Wednesday, February 1, 2012

A Ballad for Metka Krasovec by Tomaž Šalamun



My first full book Šalamun experience and a good one full of soaring startles of language and an odd humor and images that sting. Beautiful balance of such things.

I don't like black cherries on the tree.
Who rubbed soot on the she bear?
A fetus, smashed jaw bone, part of the wind pipe missing.
I'd like to be rain, scrubbing the roof.
I'd like all my hair to burn, to be bare.
I died when I took my shoes off.
Ivy entwined me, like a castle.
Inside me there's still chalk,
outside a small yellow briefcase.
It dangles from my hand like a saint hanged
from a tree--the same cherry tree.

Sunday, January 29, 2012

The Most of It by Mary Ruefle



Mary Ruefle has this baffling ability to get into human experience and give it a heartbeat, sincerely, rejuvenatingly (that's not a word?). She proves to capture a moment is one thing, to make it pulse is another thing entirely, extraordinarily.

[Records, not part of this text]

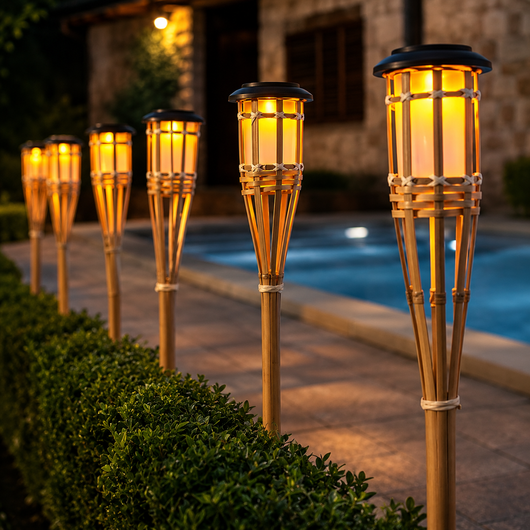 Solar Bamboo Flame Lights 2-Pack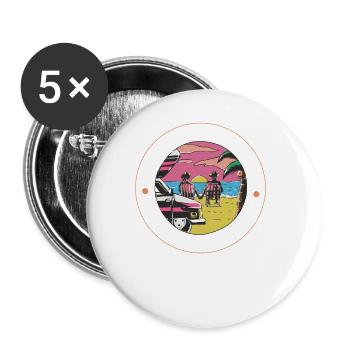Je Peux Pas J'ai Camping idee cadeau campeur - Lot de 5 grands badges (56 mm) - blanc - Devant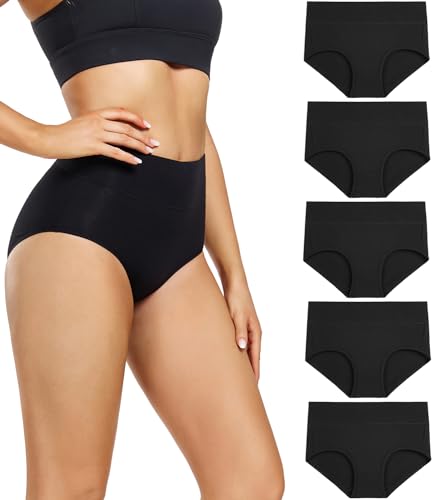 wirarpa Damen Unterhosen Baumwolle Slips Damen Hoher Taille Atmungsaktive Taillenslip Wochenbett Unterwäsche Mehrpack Größen 32-58, Schwarz-5er Pack, X-Large (46/48) von wirarpa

From "A Half-Sketched Head"

Childhood Memories

There was a long silence during which he seemed to be struggling. Suddenly he looked up at her. "I wish to tell you as quickly as possible that when I was a boy it was my sole responsibility to feed the baby goats from a bottle containing their mother's milk. On one such occasion I managed to spill the goat's milk down my shirtfront--over which I should have been wearing a smock in the first place. And though I can't tell you why, I was wearing my best shirt: perhaps for the like of that alone I deserved to be punished. I went immediately to the washroom and began to rinse out the milk spots, using a large bar of my mother's soap, which was always in plentiful supply since she made it herself. And as I stood there it struck me--my mother's soap was goat's milk soap, with goat's milk I was trying desperately to erase goat's milk. That something could be its own remedy--though I did not then think in those terms--struck me as a rather serious joke. It was my first occasion of panic.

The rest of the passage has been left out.